Constitui, portanto, prioridade administrativa do Governo a reestruturação das contas do setor público, a imposição de normas claras e limites definidos aos subsídios julgados imprescindíveis, tanto ao setor produtivo quanto ao setor financeiro, e a delimitação legal e legitima das responsabilidades da União. A sociedade brasileira não pode, contudo, aguardar a implementação, necessariamente lenta, de um sistema de controle eficaz sobre as finanças da União. É necessário articular, imediatamente, uma política de estabilização consistente.

O Déficit Público

O déficit público brasileiro ultrapassou todos os limites razoáveis. Esse déficit é hoje o nó górdio da estabilização da economia nacional.

O Governo tem despesas com projetos de retorno econômico incerto ou negativo, e que precisam, portanto, ser descontinuados. Há projetos cujas obras foram precocemente iniciadas e que precisam ser ou descontinuados ou hibernados. Existem ainda despesas conhecidas, mas sem limites no Orçamento, como os gastos com o sistema Sinpas e com os subsídios do açúcar e álcool. E, finalmente, aparecem despesas que não estão no Orçamento nem são limitadas, como os avais que a União é chamada a honrar subitamente.

O primeiro passo, portanto, na contenção do déficit público resume-se a cortar e controlar gastos significativos. É necessário interromper projetos inviáveis. Em seguida, será preciso propor uma reformulação definitiva do sistema previdenciário. Finalmente, reformular e reduzir os subsídios que não beneficiam as populações de baixa renda. Sem este controle de gastos, qualquer política de redução do déficit público está condenada ao fracasso.

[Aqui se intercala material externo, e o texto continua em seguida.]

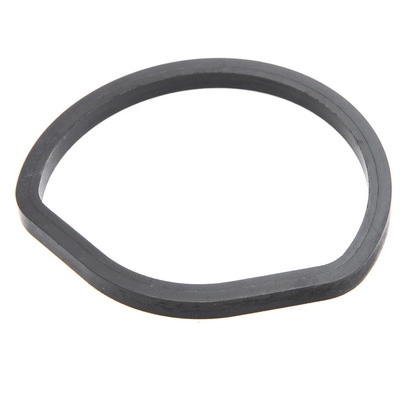 Gasket, oil filter housing (BACB11-U57001)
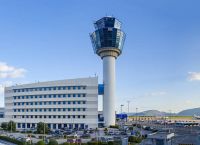 Απεργία Πέμπτη 15 Οκτωβρίου: Συμμετέχουν και οι ελεγκτές εναέριας κυκλοφορίας Απεργία Πέμπτη 15 Οκτωβρίου: Συμμετέχουν και οι ελεγκτές εναέριας κυκλοφορίας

O déficit público para 1985 está estimado em 84 trilhões de cruzeiros. Mas, estes 84 trilhões não significam apenas que os gastos do Governo em consumo e investimento superem suas receitas nesse montante. Uma característica fundamental do déficit reside no fato de que o pagamento de juros ultrapassa, segundo estimativas preliminares, 91 trilhões de cruzeiros. Ou seja, o setor público não está em desequilíbrio apenas porque gasta em investimento e consumo mais do que arrecada; está em desequilíbrio porque o volume arrecadado, embora suficiente para financiar suas despesas de investimento e consumo, está aquém do necessário para pagar os juros sobre as dívidas herdadas do passado.

O desequilíbrio do setor público apresenta assim uma dimensão financeira crucial. Os pagamentos de juros, conforme estimativas atuais, absorvem nada menos que 20,5% da receita global do setor público, isto é, das receitas somadas da União, Estados, Municípios, das autarquias e estatais. Dos 91 trilhões de cruzeiros de juros, 65% devem-se à dívida externa e 35% à dívida interna. Essa conta de juros supõe a renovação automática das amortizações. Em outras palavras, é o encargo necessário a ser pago para não aumentar a dívida real do Governo.

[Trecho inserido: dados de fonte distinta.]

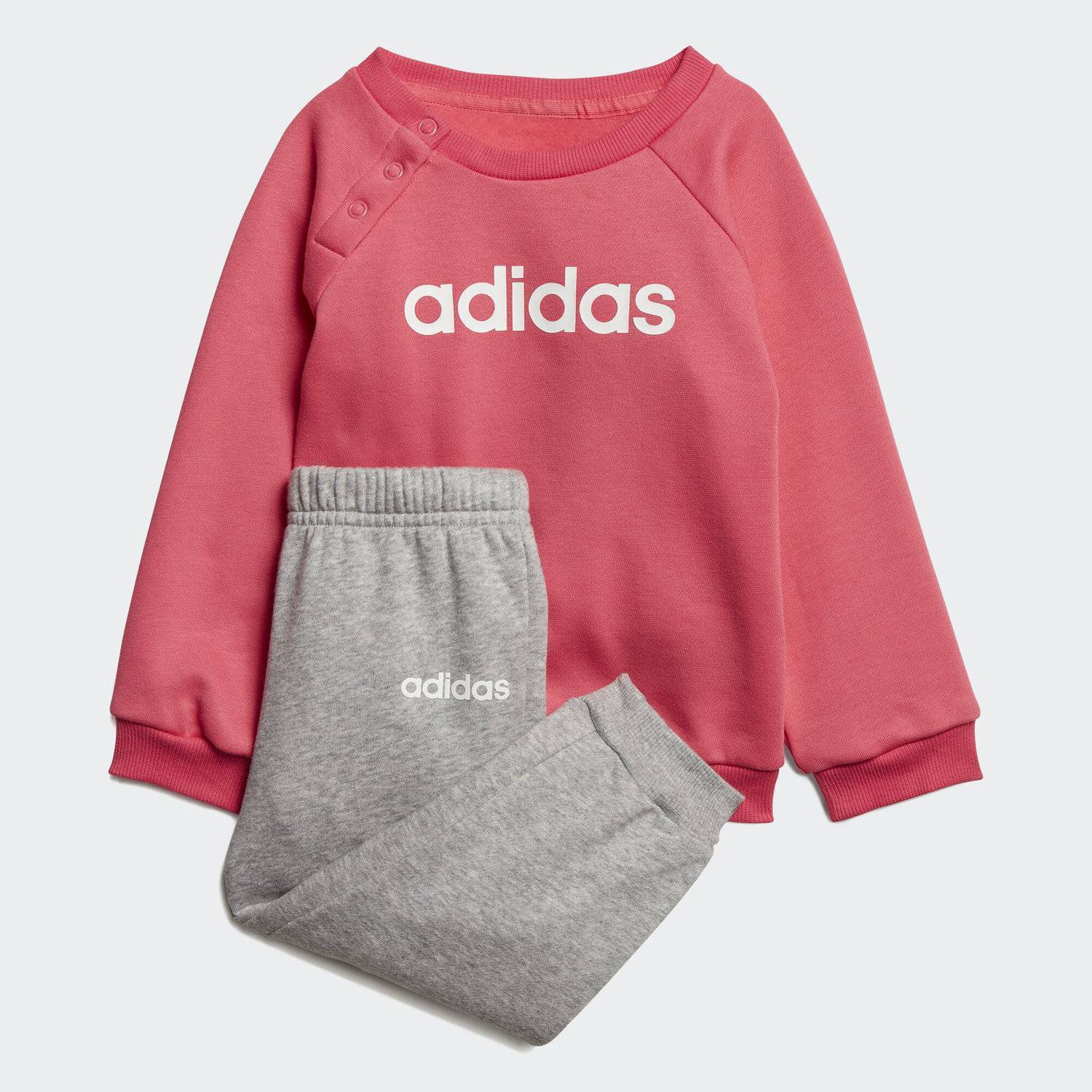 Adidas Originals Fleece Suit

Quatro pontos fundamentais devem ser aqui fixados. Primeiro: a solvência do setor público depende do crescimento da dívida e da taxa de crescimento das receitas tributárias. Se não houver superávit fiscal suficiente para pagar qualquer fração da conta de juros, a dívida crescerá pelo menos 14% ao ano, que é a taxa de juros. Neste caso o Governo precisará, portanto, ter receitas crescendo pelo menos 14% ao ano, o que é improvável no atual horizonte de planejamento.

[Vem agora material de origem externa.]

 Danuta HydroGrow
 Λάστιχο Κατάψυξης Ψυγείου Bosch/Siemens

Como se observa, não só o déficit em si mesmo é exageradamente elevado, ascendendo, segundo a estimativa preliminar, a 6% da renda nacional, como tende a crescer velozmente, em termos reais, no futuro.

Segundo ponto: os problemas da economia brasileira apresentam uma relação múltipla e circular. Boa parte do déficit público no presente é causado pelos juros da dívida externa contraída no passado; emitir moeda para cobrir o déficit causa inflação; a inflação prejudica, por sua vez, as condições de renegociação da dívida externa. Se o déficit for financiado por mais títulos, pressiona-se a taxa de juros interna, e, portanto, o déficit no futuro. E isso, finalmente, levaria à emissão ou de moeda ou de novos títulos. Dívida externa, inflação, juros e déficit estão, assim, perversamente correlacionados num círculo vicioso. Mas, a variável de controle direto por parte do Governo é o déficit. Se o Governo perder o controle sobre esta variável, de sua responsabilidade exclusiva, não pode almejar atingir as metas de renegociar efetivamente a dívida externa, reduzir a inflação e os juros.

Terceiro ponto: tanto a magnitude do déficit quanto sua dimensão predominantemente financeira tornam ilusória a perspectiva de obter equilíbrio fiscal exclusivamente pela via do corte de gastos e aumento da receita. Para compensar inteiramente uma conta de juros estimada em 91 trilhões de cruzeiros este ano seria necessário que a receita superasse gastos em consumo e investimento nesse mesmo montante. Isto equivale a um superávit fiscal, exclusive juros, de 6,6% do produto nacional. Tal superávit, nas condições atuais, seria fortemente recessivo. Além disso, o esforço teria que ser repetido ano após ano - pois tudo o que se pode obter com o pagamento da conta de juros é evitar o crescimento real da dívida do setor público. Como se vê, soluções unilaterais para o desequilíbrio financeiro do setor público não são factíveis. É necessário atuar sobre todos os seus componentes, a saber: em primeiro lugar, anunciar e tomar efetivo o corte de gastos no setor público. Depois, reduzir a taxa interna de juros, renegociar as condições de pagamento da dívida externa e aumentar a arrecadação. Por último, deve-se escolher cuidadosamente como financiar a parcela eventualmente remanescente do déficit, para evitar que o desequilíbrio existente hoje venha a ser magnificado no futuro.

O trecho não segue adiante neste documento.